Personal Debt and High Interest LendingApril 19th, 2015
Thank you for contacting me recently regarding personal debt and high interest loans.
I agree we need to promote more sustainable forms of personal lending such as credit unions and to provide greater support and advice for people facing debt problems.
The alarming growth we have seen in the high-interest loan market is further evidence of the current Government’s failure to tackle the cost of living crisis or to build an economy that works for working people. Working people are on average £1,600 worse off under the Tories – this is the first Parliament since the 1920s where living standards have got worse.

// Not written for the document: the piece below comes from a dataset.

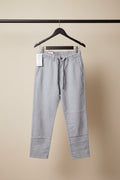 LEE ACTION Men's Light Grey Linen Lycra Comfort Fit Trousers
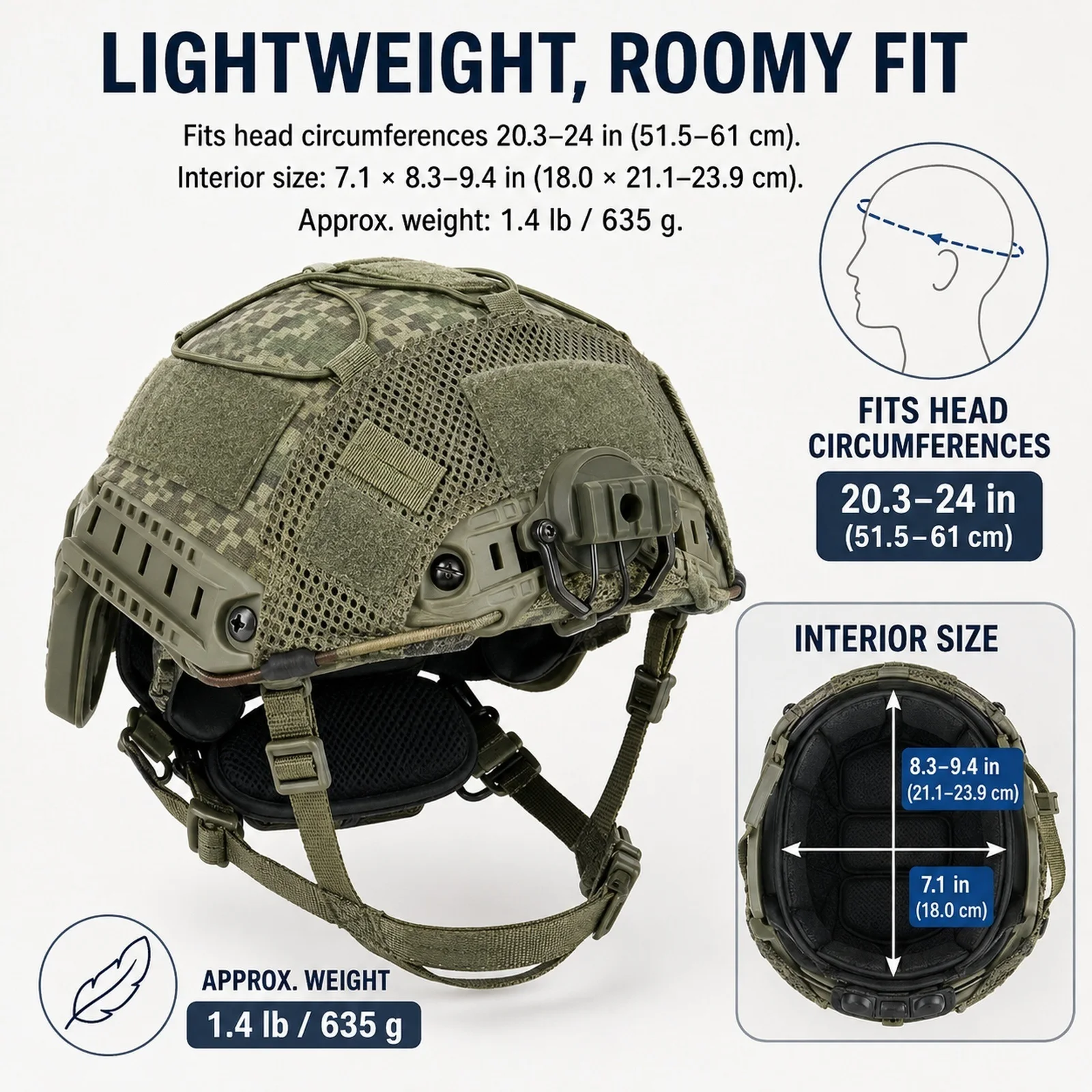Casco táctico de corte alto ajustable con auriculares y PTT - imagen 4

A Labour Government will tackle the scourge of household debt by introducing a new levy on payday lenders, using the funds raised to boost low-cost alternatives like credit unions. Labour will also give local authorities the power to restrict the number of payday lenders or other shops that are clustering on a single high street.
We will make work pay by increasing the National Minimum Wage to over £8 an hour by October 2019, and introducing a lower 10p starting rate of tax. We will promote the living wage with tax breaks for those companies that sign up to become living wage employers, requiring listed companies to report on whether they pay a living wage, and tackle insecurity at work by banning exploitative zero-hours contracts.
I know how strongly many local people feel about this issue and that organisations such as Step Change have helped highlight the need for much greater action to prevent personal debt and improve debt advice services. I believe we need a Labour Government to address this and to build an economy where people are not drawn into the arms of high-interest lenders.
Thank you once again for writing to me and for sharing your views.